What is the range for Z-Wave? I have a very large house with only about 10 devices and can’t get them to work. The master remote can see three or four at a time, but not all of them.
The required range for Z-Wave certification is 30 meters in-doors — line of sight. The actual in the field, practical through doors and around corners usually works out to be 15 to 20 meters. The nice thing about a Z-Wave mesh network is the more nodes you have the better it gets. With plug-in nodes running well under $30 it is usually not too much of a hardship to add a few in places where coverage is thin. If you were working with PLC or other proprietary RF technologies you would be looking at $200 plus amplifiers and they wouldn’t serve as automation nodes just “repeaters.” For $30 or less, you can get a Z-Wave repeater that can also turn a light on or off.
We are planning to install approximately 100,000 master-nodes in apartments within three years. An important issue is how to replace the master without re-installing the radio-network. Is it possible to read the EEprom and send the content to the serial port or do we have to use the SPI (serial peripheral interface)?

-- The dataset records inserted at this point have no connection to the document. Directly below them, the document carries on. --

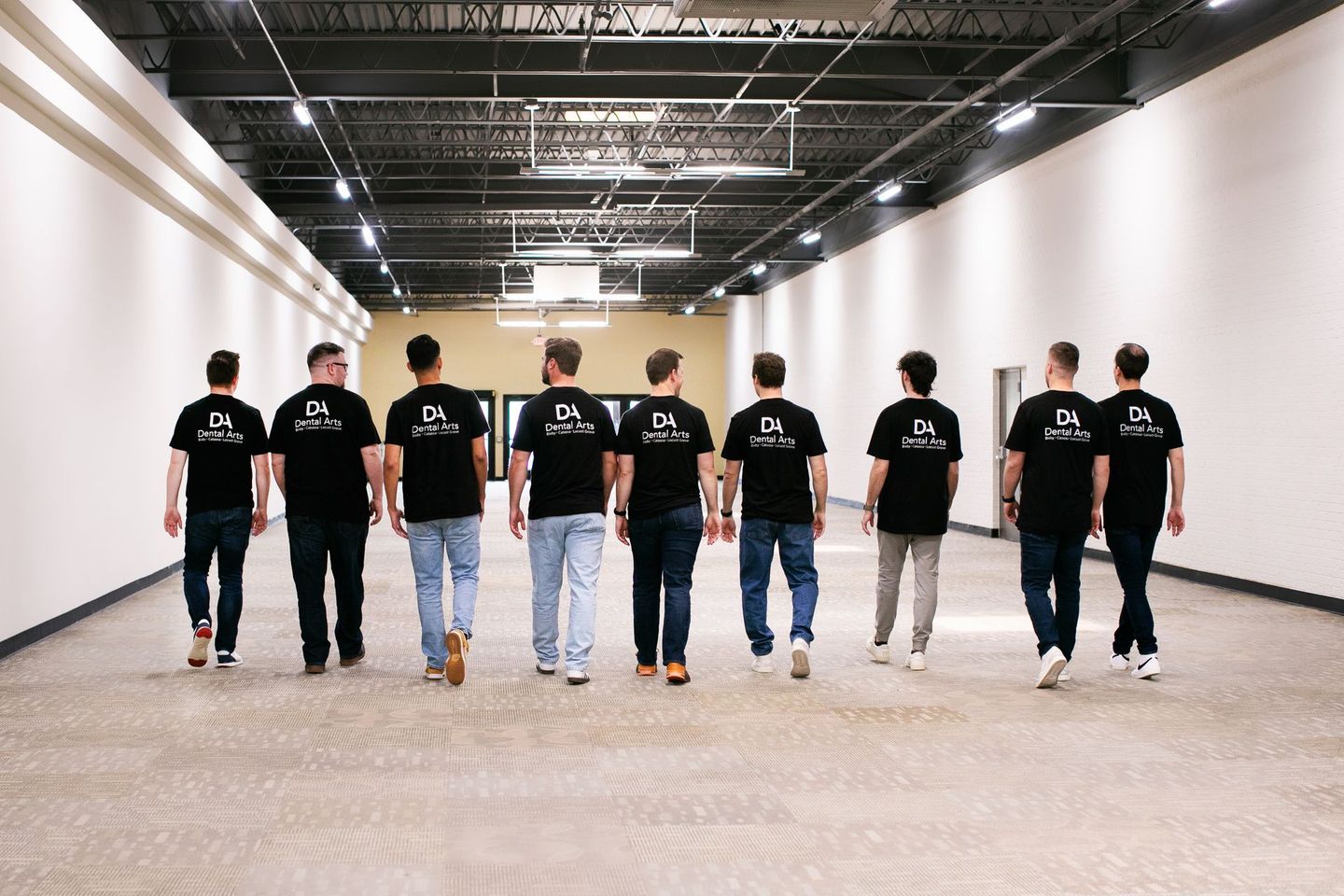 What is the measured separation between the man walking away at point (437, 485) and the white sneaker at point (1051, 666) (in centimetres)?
267

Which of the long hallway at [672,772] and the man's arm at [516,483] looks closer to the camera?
the long hallway at [672,772]

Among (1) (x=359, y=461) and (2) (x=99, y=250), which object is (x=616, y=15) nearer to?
(2) (x=99, y=250)

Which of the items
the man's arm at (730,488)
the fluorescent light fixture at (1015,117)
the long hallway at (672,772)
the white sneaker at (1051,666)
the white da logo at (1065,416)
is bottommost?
the long hallway at (672,772)

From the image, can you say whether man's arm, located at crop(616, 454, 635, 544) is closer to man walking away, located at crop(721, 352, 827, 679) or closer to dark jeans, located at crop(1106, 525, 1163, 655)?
man walking away, located at crop(721, 352, 827, 679)

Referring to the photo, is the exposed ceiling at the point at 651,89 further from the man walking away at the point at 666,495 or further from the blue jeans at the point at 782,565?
the blue jeans at the point at 782,565

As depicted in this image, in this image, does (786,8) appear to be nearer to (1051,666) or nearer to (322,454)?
(322,454)

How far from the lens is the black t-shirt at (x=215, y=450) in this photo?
6.06 meters

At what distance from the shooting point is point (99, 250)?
861cm

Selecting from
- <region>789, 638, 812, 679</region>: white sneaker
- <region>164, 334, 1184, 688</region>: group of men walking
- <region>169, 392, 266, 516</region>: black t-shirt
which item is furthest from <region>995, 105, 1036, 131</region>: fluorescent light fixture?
<region>169, 392, 266, 516</region>: black t-shirt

Yes, there are installer tools that will allow you to press the button on an existing Z-Wave device, read the HomeID that is transmitted as a part of the node information frame (NIF) and then create a new primary controller for that Home ID. After a new primary controller is created, you can us the tool to do a network rediscovery and obtain the network topology that way.
Mark Walters, our resident Z-Wave expert, is vice president of the Z-Wave Alliance.